En este escenario, existiendo cuerpos normativos que regulan la materia, es dable constatar que, primeramente, falló el control jerárquico permanente que corresponde como un deber ineludible a todas las autoridades y jefaturas al interior de la Administración Pública -Presidente de la República, Ministros de Estado, Subsecretarios, Jefes de Servicio, etc.- el cual se extiende a la eficiencia y eficacia como a la legalidad y mérito de las decisiones administrativas.

En segundo lugar, fracasaron las unidades o departamentos de control interno existentes en los propios organismos administrativos, quienes debieron detectar y representar la ilicitud del proceder de manera preventiva.

Finalmente, y más preocupante aún, es el que estas numerosas situaciones eventualmente irregulares no hayan sido pesquisadas de manera previa por la Contraloría General de la República, ya que si bien gran parte de ellas, por los montos involucrados, se encontraban exentas del trámite de toma de razón, el organismo contralor tenía la obligación jurídica de llevar a cabo controles de reemplazo, tal y como se determina en el artículo 22 de la Resolución N° 7, Fija normas sobre exención del trámite de toma de razón, del año 2019.

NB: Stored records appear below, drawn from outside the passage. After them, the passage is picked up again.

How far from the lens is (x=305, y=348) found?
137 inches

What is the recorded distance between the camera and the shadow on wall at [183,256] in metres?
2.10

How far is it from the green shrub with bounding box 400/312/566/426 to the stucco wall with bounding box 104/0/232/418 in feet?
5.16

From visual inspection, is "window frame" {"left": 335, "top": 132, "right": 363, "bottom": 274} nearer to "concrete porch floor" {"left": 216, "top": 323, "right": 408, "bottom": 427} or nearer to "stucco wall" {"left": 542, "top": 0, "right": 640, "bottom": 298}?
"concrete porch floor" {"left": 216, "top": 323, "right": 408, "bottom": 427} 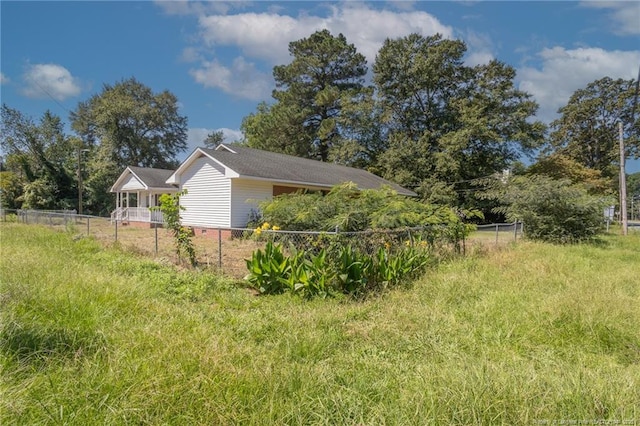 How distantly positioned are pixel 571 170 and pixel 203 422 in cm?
3326

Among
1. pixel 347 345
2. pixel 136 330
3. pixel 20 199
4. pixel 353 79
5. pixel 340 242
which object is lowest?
pixel 347 345

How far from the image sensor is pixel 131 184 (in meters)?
23.7

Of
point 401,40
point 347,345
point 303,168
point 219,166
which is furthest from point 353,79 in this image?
point 347,345

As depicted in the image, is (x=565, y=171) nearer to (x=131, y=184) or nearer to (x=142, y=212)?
(x=142, y=212)

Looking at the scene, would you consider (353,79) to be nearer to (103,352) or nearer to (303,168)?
(303,168)

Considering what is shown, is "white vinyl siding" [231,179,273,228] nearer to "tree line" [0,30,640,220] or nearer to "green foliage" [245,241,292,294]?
"green foliage" [245,241,292,294]

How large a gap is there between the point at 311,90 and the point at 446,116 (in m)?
13.3

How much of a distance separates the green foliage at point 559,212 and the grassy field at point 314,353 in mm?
7259

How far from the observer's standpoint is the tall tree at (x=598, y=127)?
33031 mm

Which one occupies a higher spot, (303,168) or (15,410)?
(303,168)

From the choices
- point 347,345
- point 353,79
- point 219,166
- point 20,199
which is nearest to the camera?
point 347,345

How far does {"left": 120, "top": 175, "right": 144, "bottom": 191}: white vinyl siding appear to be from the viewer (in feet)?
74.9

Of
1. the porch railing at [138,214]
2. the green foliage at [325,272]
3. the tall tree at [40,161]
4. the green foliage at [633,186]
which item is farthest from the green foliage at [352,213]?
the green foliage at [633,186]

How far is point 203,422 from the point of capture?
84.0 inches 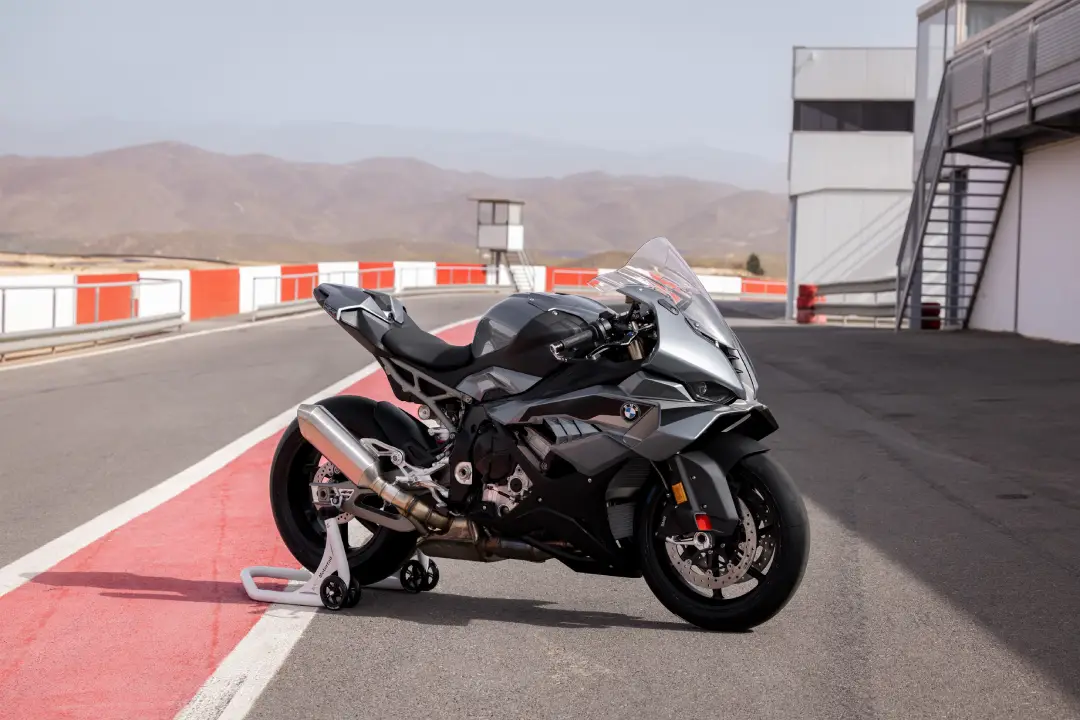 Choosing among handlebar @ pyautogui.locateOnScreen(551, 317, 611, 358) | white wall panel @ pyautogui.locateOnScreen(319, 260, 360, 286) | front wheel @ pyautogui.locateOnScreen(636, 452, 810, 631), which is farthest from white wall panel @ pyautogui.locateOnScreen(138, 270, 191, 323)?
front wheel @ pyautogui.locateOnScreen(636, 452, 810, 631)

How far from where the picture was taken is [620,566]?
5.75 m

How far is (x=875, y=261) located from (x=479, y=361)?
3844 centimetres

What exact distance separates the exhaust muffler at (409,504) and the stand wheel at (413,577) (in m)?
0.33

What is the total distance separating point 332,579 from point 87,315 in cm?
1842

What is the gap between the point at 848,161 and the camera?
45.5m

Aparentemente, habiéndose concretado una infracción al principio de juridicidad -cuestión que precisamente debe ser investigada y determinada por el Ministerio Público y la Contraloría General de la República- y habiendo fracasado los mecanismos de control, no queda más que esperar que un asunto de la mayor gravedad como este, en el escenario constituyente actual en que se discute la mayor participación e injerencia del Estado en diversos ámbitos de la vida social, sea prontamente aclarado y transparentado a la opinión pública y que se persigan implacablemente las responsabilidades políticas, penales, patrimoniales y administrativas que pudieran estar comprometidas.

En definitiva, jurídicamente, el principio de responsabilidad es el último eslabón, es decir, constituye la consecuencia natural de la contravención del principio de legalidad, cuando los controles fueron inexistentes o resultaron insuficientes para evitar la infracción.